You may have heard the phrase, "eating our own dog food." Especially if you're part of the software world, where it is dearly loved. It refers, of course, to using your own products internally. I've never been particularly fond of the phrase - for one, it doesn't lend itself to any sort of politically correct segue from an opening comment about the Kentucky Derby. More so than that, the phrase seems to imply that there's something, well...unappetizing about your own products. Unless you're a dog, I suppose. But assuming you aren't a dog (okay, well not THAT kind of dog, anyway), eating dog food is probably pretty painful. I'm not planning to test that out myself, but I can tell you that even my own pup isn't shy about expressing her preference for a burger.
Using your own products shouldn't be painful. For a lot of reasons. First and foremost is that you want your employees to have an experience that reflects the positive experience you hope your customers are having. If your employees are frustrated by your software, I'd hate to look at your help desk logs. From a purely selfish marketing perspective, it's tough to evangelize a product that you don't believe in yourself. And it's tough to work for a company whose products you can't get behind.
So what am I getting on about? Well, here at PTC, we use our own products. And they're definitely not dog food. One of the reasons that I'm so excited about Windchill SocialLink is that I'm using it myself, all the time.
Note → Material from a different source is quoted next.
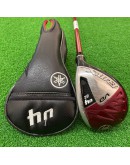  Hybrid 4 Yamaha RMX VD 2022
Especially with the distributed teams I work with - not only across geographies, but across organizations - it's hugely helpful to have central communities where I can share information or ask questions about the products I'm developing campaigns around. I mean, I do more than just write this blog, you know.
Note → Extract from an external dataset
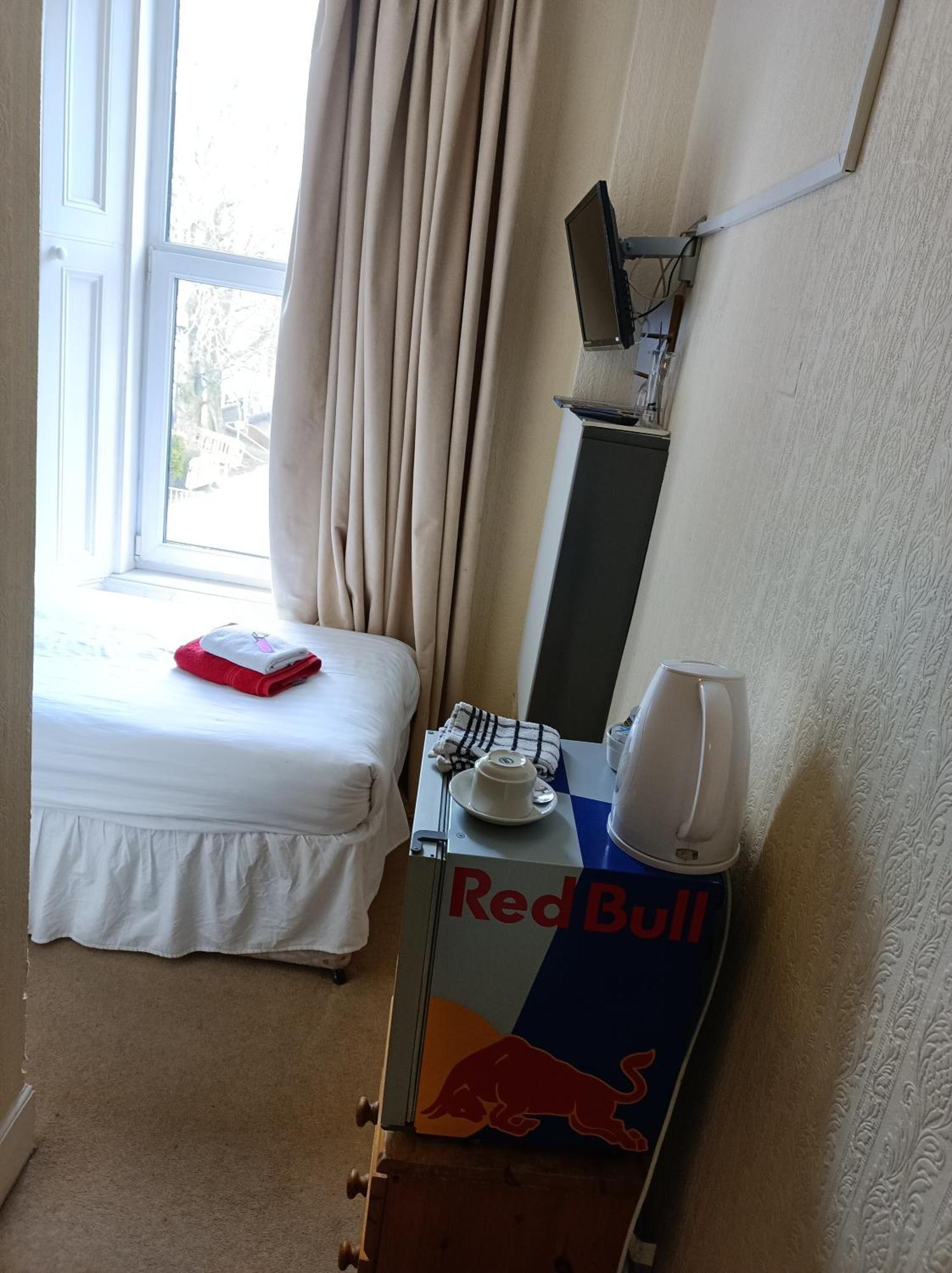 The Townhouse Accommodation Dumfries Esterno foto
But it makes sense that marketing would be well suited to use Windchill SocialLink, right? That we'd have no problem adopting social tools. At least, according to my cross-functional friends, it fits in nicely with our daily agenda of drawing with crayons and updating Facebook (note to my boss in Germany - that was sarcasm, that's not what I do all day, I promise). But it's true, our marketing organization does use social technology as part of our portfolio, so it stands to reason we would be comfortable with other types of social technology. And that's why this story isn't about me.
Instead, it's about a group that we typically don't associate with Twitter posts and Facebook updates (although that in itself is a topic for discussion). I'm talking about more than 700 engineers here - and by "here" I mean 12 sites and five time zones - who are using SocialLink to collaborate on the most ambitious development project in company history.
The story of our development of Creo, and use of SocialLink, was published in the Spring issue of Prime magazine. You can read the full article here:
Pretty cool, huh? So in essence, one of our products is making it easier for us to develop another one of our other products. Which gives us a lot of products to be excited about around here.
So with that, I'm off to gather Mint Julep ingredients...and maybe grab some burgers for the grill. I'll leave the dog food for folks in the dog house. You know who you are.